Exercise directions:
All of the listing must be given again exactly, except that the images are dropped.

Data shown:
****
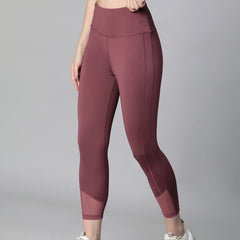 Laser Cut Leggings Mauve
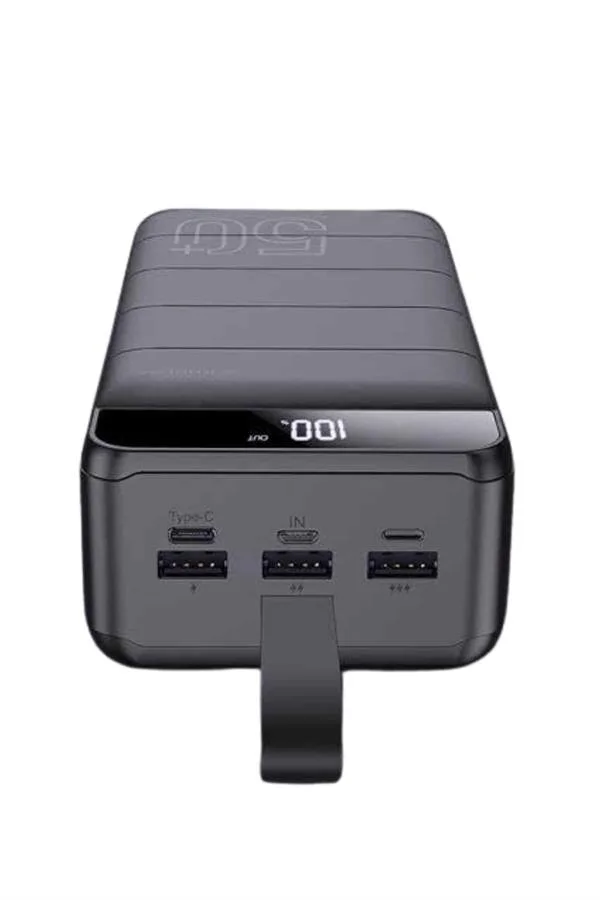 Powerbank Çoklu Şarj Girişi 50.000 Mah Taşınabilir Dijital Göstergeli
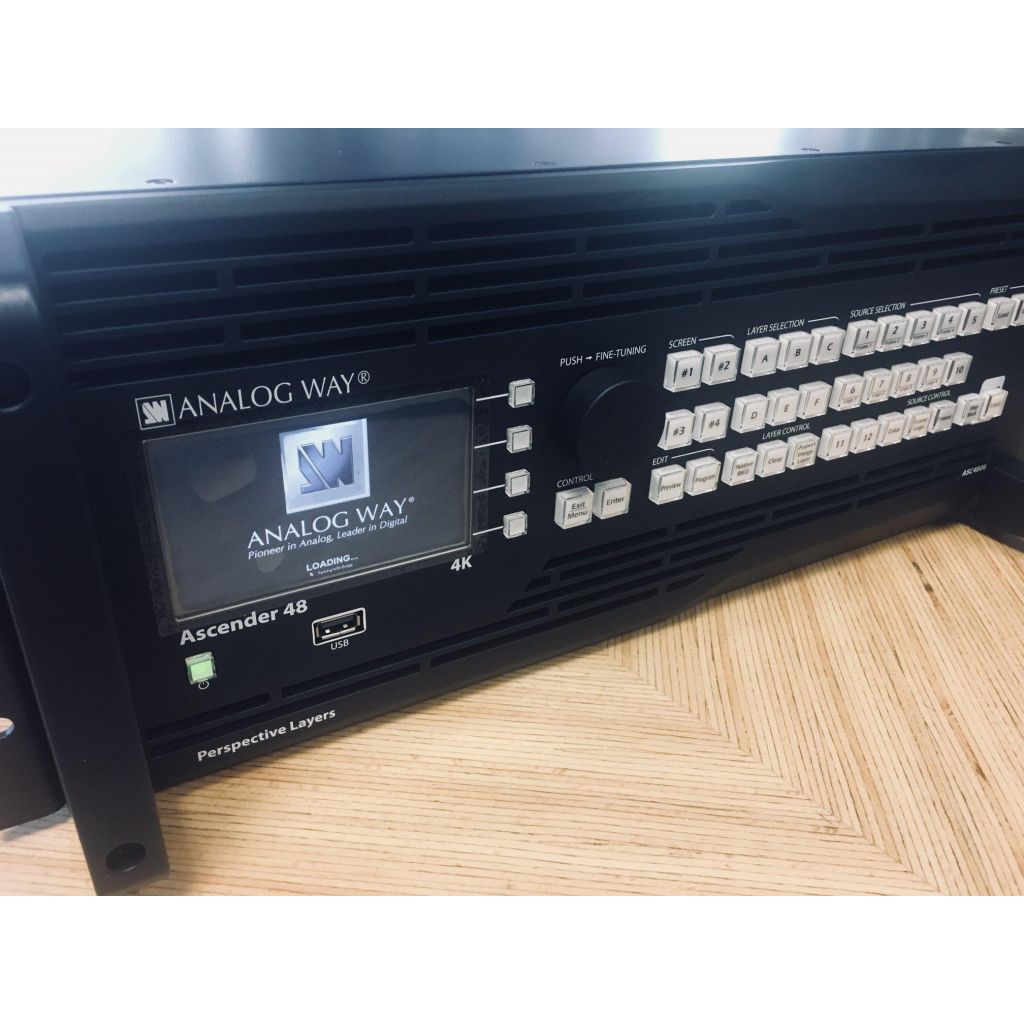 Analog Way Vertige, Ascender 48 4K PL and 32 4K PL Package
****
Task output:
 Laser Cut Leggings Mauve
 Powerbank Çoklu Şarj Girişi 50.000 Mah Taşınabilir Dijital Göstergeli
 Analog Way Vertige, Ascender 48 4K PL and 32 4K PL Package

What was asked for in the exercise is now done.